Despite your best intentions and hard work, you won’t see dramatic commissions if you’re promoting the wrong product which is why you want to refine your focus and find affiliate products that sell.

Product selection is one of the most highly overlooked elements of starting up as an affiliate marketer.

I know your pain because I’ve been there; I’ve sunk hundreds of hours into a project, only to find out the products I had been promoting and the demographics I thought were visiting my website weren’t truly what I thought. And then I wised up …

In this guide, we’ll be sharing how you can tap into free and paid tools to discover what your visitors really want; the products that will give you the best bang-for-your-buck.

 

Chapter 1: Ask Your Readers, Directly

Cut to the chase and go directly to your source: ask your readers what they want from your website.

Online tools such as SurveyMonkey or a simple WordPress plugin like WPPolls is all you need to begin pulling out incredible information about what your market wants.

As an example, I ran a poll on one of my paid content sites about the type of products my repeat customers would want to see from the business.
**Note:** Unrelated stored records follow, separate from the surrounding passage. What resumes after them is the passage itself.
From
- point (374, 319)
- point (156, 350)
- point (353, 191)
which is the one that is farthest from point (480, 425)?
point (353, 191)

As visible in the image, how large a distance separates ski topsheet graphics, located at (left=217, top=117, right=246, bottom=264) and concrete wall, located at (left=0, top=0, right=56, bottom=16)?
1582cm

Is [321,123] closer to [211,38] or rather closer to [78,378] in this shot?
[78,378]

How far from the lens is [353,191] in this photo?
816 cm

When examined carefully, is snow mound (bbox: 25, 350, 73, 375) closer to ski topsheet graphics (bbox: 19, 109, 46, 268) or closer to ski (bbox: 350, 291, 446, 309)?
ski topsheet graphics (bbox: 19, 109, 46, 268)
To my surprise, most individuals wanted ebooks despite my conviction that it should be more articles.

I would have never guessed the tally would be so high for this product offering. I took the information, began offering ebooks, and instantly made sales the moment I alerted my existing customers.
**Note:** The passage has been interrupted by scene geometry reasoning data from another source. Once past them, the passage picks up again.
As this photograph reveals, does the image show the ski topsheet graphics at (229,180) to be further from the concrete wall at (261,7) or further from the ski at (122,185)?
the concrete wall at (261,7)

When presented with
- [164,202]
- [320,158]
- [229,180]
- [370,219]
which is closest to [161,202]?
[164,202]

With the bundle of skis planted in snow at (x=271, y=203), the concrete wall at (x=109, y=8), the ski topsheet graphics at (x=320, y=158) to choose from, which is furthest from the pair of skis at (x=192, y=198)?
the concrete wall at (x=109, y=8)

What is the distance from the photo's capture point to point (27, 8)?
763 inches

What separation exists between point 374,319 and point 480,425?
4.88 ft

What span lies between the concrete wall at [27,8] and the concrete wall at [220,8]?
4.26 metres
You don’t have to be a technical wizard to put together these polls; most online tools use WSYWIG editors that can have your poll up and running in a few minutes. Afterward, you’ll need to send people to vote which I would recommend blasting out an email, writing a blog post, sharing on Twitter, or posting to your Facebook wall.

Allow your poll to run for at least a month and gather a large margin to accurately gauge your focus. Ask the hard questions and try to understand the reasoning behind their answers.

Take the information you’ve gathered, note it down, and begin shifting your focus on what people want and not what you expect them to need.